De Shaun of the Dead, on pouvait craindre le pire, depuis l'écueil de la grossière parodie jusqu'à la copie en panne d'inspiration, et c'est avec surprise que le film déjoue tout à tour tous ces pièges. Plus comédie romantique que zombie movie, le film débute ainsi en bonne comédie de mœurs anglaise (ce qui, d'ailleurs, n'est pas si fréquent), c'est-à-dire par un brave gars qui travaille sans y penser et finit toutes ses journées au pub, jusqu'au jour où sa copine lui dit qu'elle le quittera s'il ne change pas de vie. De ce postulat anti-glamour et fantastique, servi par des acteurs au diapason, Edgar Wright ne s'éloignera jamais complètement. Avec lui, le zombie se trouve en terre « ken-loachienne », tant par l'image, crue et peu esthétisante, que par le propos, ancré dans la retranscription du quotidien. On retrouve là le terrible « réalisme » des zombies de Romero, mais passé par l'école anglaise : Shaun of the Dead donne à voir à sa manière une sorte de documentaire sur l'invasion des morts vivants en milieu britannique.

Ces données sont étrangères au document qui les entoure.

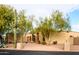 Tan stucco house with a large front yard and mature trees at 4706 E Rancho Caliente Dr, Cave Creek, AZ 85331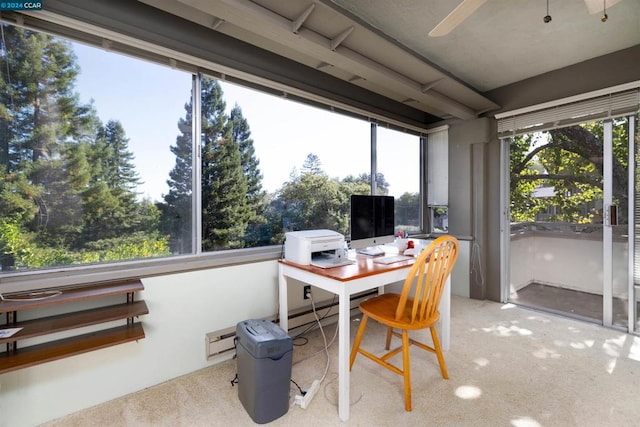 sunroom / solarium featuring ceiling fan and a baseboard radiator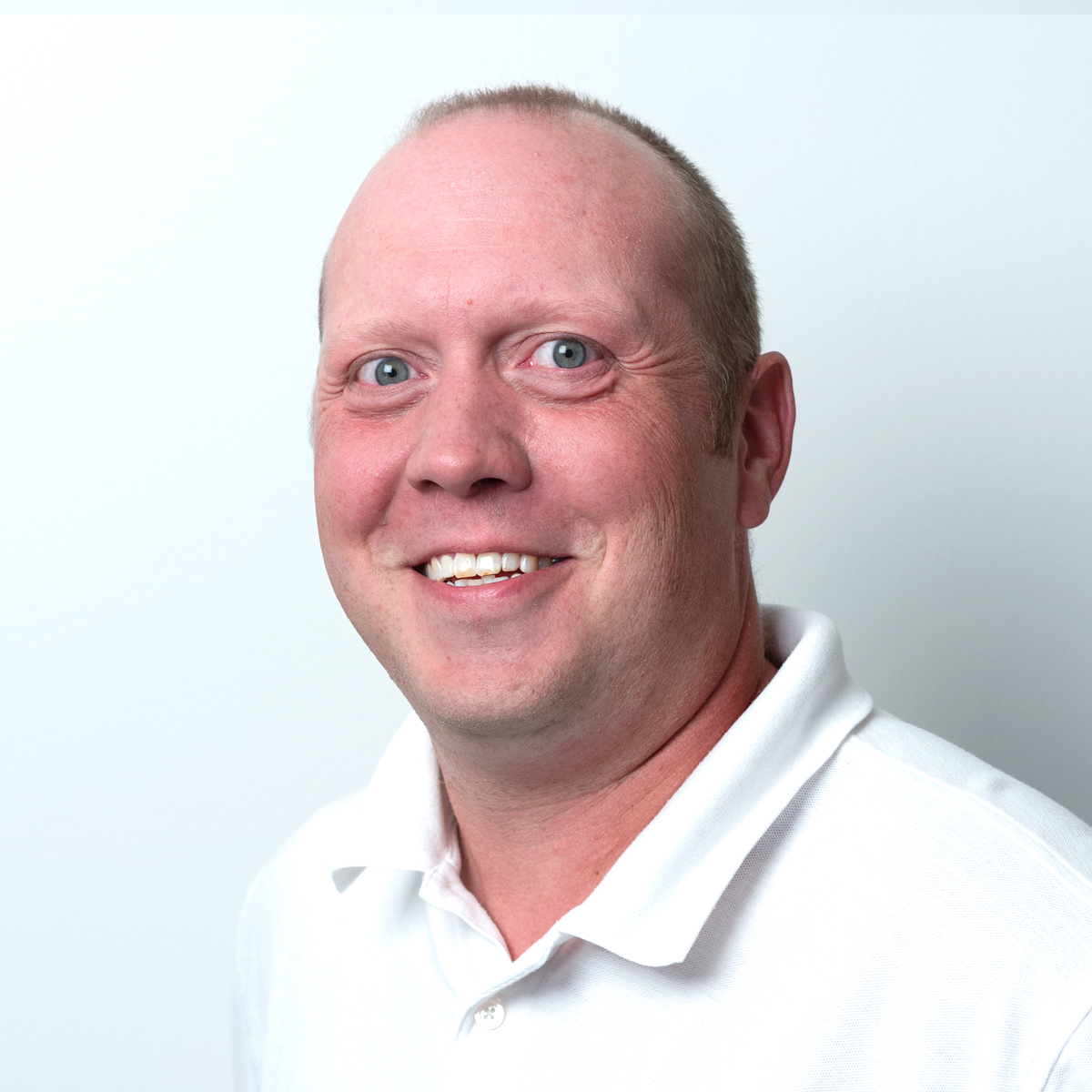 a man smiling for the camera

Bourré de références à la musique et à la Brit pop en particulier, le film étonne d'ailleurs par son érudition totalement hors de propos. Alors qu'ils tentent de décapiter les zombies avec leurs 33 tours, les deux « héros » ne se privent pas de réflexions d'initiés sur la qualité du second album des Stone Roses ou sur la meilleure chanson des Smiths (qu'on entend d'ailleurs furtivement chanter, à la TV, Panic in the street). De petits plaisirs pour connaisseurs, mais qui ajoutent incontestablement une profondeur inattendue au film tout en l'ancrant un peu plus dans son contexte.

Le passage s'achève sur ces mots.